◆ PROVIDED DATA ◆
##########

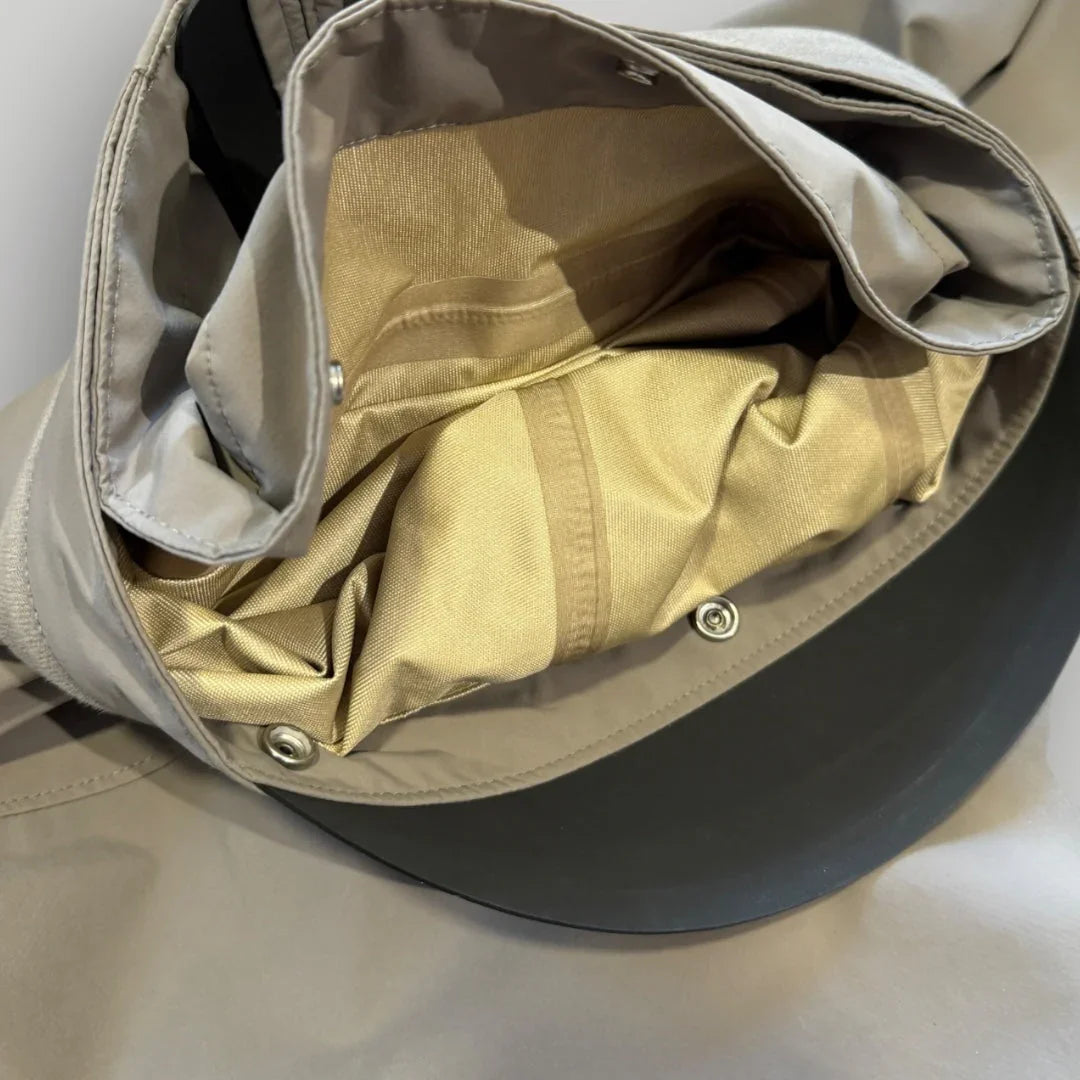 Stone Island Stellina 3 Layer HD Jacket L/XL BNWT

##########

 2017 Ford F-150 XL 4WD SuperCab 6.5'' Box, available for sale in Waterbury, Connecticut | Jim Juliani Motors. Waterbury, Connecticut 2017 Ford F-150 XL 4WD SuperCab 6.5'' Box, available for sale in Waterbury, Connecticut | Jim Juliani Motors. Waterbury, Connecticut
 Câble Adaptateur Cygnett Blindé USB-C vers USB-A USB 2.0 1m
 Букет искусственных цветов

##########

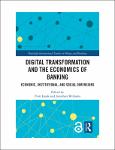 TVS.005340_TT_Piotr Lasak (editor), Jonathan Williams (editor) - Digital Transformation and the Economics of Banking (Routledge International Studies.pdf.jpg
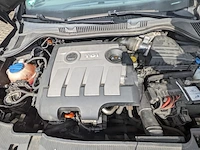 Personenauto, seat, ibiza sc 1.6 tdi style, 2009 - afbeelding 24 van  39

##########

◆ YOUR GOAL ◆
Transcribe each line of the data above, unaltered, from the one where "Waterbury, Connecticut 2017" appears to the one where "Букет искусственных цветов" appears, inclusive of both.

◆ WRITTEN RESPONSE ◆
 2017 Ford F-150 XL 4WD SuperCab 6.5'' Box, available for sale in Waterbury, Connecticut | Jim Juliani Motors. Waterbury, Connecticut 2017 Ford F-150 XL 4WD SuperCab 6.5'' Box, available for sale in Waterbury, Connecticut | Jim Juliani Motors. Waterbury, Connecticut
 Câble Adaptateur Cygnett Blindé USB-C vers USB-A USB 2.0 1m
 Букет искусственных цветов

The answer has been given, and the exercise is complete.